Understanding structure and porosity of nanodiamond-derived carbon onions

Abstract

Carbon onions derived by thermal annealing of nanodiamonds are an intriguing material for various applications that capitalize the nanoscopic size, high electrical conductivity, or moderately high external surface area. Yet, the impact on synthesis conditions and possible post-synthesis treatment on the pore characteristics lacks a detailed parametric understanding. We present a comprehensive model describing the change of structure, morphology, specific surface area (SSA), and pore size distribution (PSD) of carbon onions derived via thermal annealing of nanodiamonds as a function of synthesis parameters and the effect of physical activation in air. Different heating rates, temperatures, holding times, as well as two different nanodiamond precursors were used. During thermal annealing the increase in SSA occurs along with a loss of surface functional groups and volatile impurities.

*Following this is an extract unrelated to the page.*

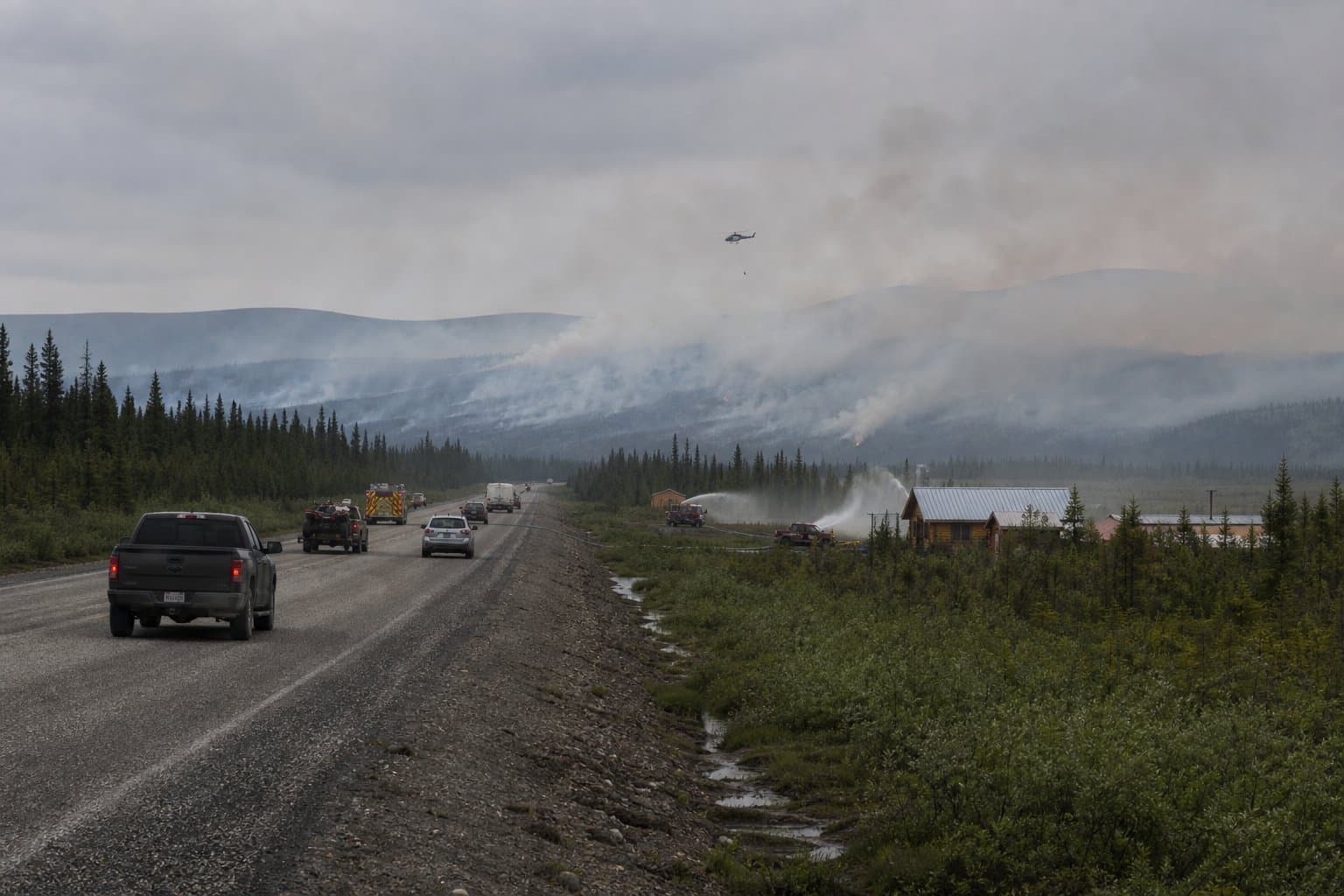 Cover image for article: Polly Fire holds one-third mile from Taylor Highway; crews deploy sprinklers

The sp3-to-sp2 conversion results in a much lower density and an increase in SSA of up to ∼160%. At high temperatures, a sintering and carbon redistribution process limits the increase in SSA and leading to the formation of micrometer-sized graphitic particles with a very low SSA. Oxidation in air is a facile way for the effective removal of predominately amorphous carbon between carbon onion particles and the removal of outer carbon shells.